Required work -
Each line of the data below from the one holding "Sam Edelman Brown Gold Textured Ankle Boots" to the one holding "BROKEN PROMISES Up", inclusive, is to be reproduced exactly; no other line belongs in the answer.

Data for analysis -
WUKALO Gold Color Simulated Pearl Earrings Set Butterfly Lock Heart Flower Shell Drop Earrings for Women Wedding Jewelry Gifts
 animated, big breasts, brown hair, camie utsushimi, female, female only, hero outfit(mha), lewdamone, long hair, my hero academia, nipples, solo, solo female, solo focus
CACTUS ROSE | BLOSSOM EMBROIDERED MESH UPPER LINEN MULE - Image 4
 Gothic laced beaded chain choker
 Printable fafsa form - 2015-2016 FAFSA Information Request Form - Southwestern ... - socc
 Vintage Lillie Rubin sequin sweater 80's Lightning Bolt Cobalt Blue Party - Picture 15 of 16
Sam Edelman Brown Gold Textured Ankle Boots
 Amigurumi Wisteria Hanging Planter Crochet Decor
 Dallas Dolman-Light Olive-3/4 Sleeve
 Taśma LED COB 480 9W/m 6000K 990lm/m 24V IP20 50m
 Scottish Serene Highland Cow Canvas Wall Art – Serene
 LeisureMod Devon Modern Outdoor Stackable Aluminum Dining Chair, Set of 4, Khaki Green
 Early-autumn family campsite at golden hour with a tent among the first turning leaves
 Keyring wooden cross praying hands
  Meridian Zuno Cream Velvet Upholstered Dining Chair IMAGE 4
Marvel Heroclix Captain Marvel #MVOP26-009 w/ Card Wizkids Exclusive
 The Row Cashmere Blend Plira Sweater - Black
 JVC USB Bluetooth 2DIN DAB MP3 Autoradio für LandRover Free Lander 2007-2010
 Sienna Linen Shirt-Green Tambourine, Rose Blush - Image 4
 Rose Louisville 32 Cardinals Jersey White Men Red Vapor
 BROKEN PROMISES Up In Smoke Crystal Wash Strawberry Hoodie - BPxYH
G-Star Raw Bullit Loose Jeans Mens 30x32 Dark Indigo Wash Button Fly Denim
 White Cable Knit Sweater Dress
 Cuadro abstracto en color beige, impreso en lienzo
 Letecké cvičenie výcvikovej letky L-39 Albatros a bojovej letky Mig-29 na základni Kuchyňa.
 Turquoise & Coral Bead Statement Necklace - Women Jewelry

Exercise response -
Sam Edelman Brown Gold Textured Ankle Boots
 Amigurumi Wisteria Hanging Planter Crochet Decor
 Dallas Dolman-Light Olive-3/4 Sleeve
 Taśma LED COB 480 9W/m 6000K 990lm/m 24V IP20 50m
 Scottish Serene Highland Cow Canvas Wall Art – Serene
 LeisureMod Devon Modern Outdoor Stackable Aluminum Dining Chair, Set of 4, Khaki Green
 Early-autumn family campsite at golden hour with a tent among the first turning leaves
 Keyring wooden cross praying hands
  Meridian Zuno Cream Velvet Upholstered Dining Chair IMAGE 4
Marvel Heroclix Captain Marvel #MVOP26-009 w/ Card Wizkids Exclusive
 The Row Cashmere Blend Plira Sweater - Black
 JVC USB Bluetooth 2DIN DAB MP3 Autoradio für LandRover Free Lander 2007-2010
 Sienna Linen Shirt-Green Tambourine, Rose Blush - Image 4
 Rose Louisville 32 Cardinals Jersey White Men Red Vapor
 BROKEN PROMISES Up In Smoke Crystal Wash Strawberry Hoodie - BPxYH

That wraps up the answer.